Trick Mirror is an enlightening, unforgettable trip through the river of self-delusion that surges just beneath the surface of our lives. This is a book about the incentives that shape us, and about how hard it is to see ourselves clearly through a culture that revolves around the self. In each essay, Tolentino writes about a cultural prism: the rise of the nightmare social internet; the advent of scamming as the definitive millennial ethos; the literary heroine's journey from brave to blank to bitter; the punitive dream of optimization, which insists that everything, including our bodies, should become more efficient and beautiful until we die.

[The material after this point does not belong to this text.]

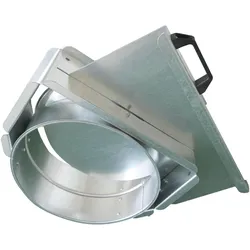 Schuko, Zubehör Maschine, Handabsperrschieber, Durchmesser 250 mm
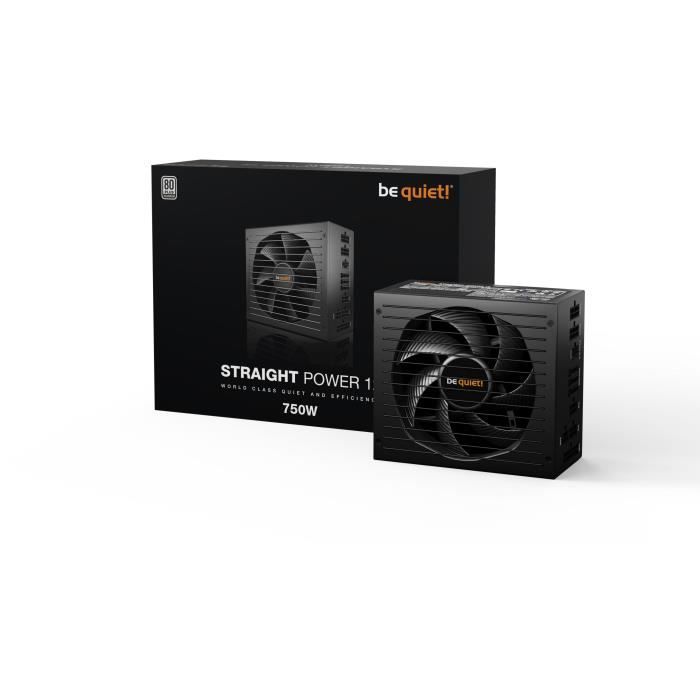 Silêncio! - BN336 Straight Power 12 Platinum - Fonte de alimentação para PC - 750 W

Gleaming with Tolentino's sense of humor and capacity to elucidate the impossibly complex in an instant, and marked by her desire to treat the reader with profound honesty, Trick Mirror is an instant classic of the worst decade yet.
FINALIST FOR THE PEN/DIAMONSTEIN-SPIELVOGEL AWARD FOR THE ART OF THE ESSAY
Review
"I worship at the altar of Jia Tolentino, who is undoubtedly the sharpest and most incisive cultural critic alive. Jia is a for-real genius, so damn funny it's absurd." -Samantha Irby, author of We Are Never Meeting in Real Life
"Dazzlingly wide-reaching essays." -Vanity Fair
"The millennial Susan Sontag, a brilliant voice in cultural criticism....She writes like a dream." -The Washington Post
About the Author
Jia Tolentino is a staff writer at The New Yorker. Raised in Texas, she studied at the University of Virginia before serving in Kyrgyzstan in the Peace Corps and receiving her MFA in fiction from the University of Michigan. She was a contributing editor at The Hairpin and the deputy editor at Jezebel, and her work has appeared in The New York Times Magazine, Grantland, Pitchfork, and other publications. She lives in Brooklyn.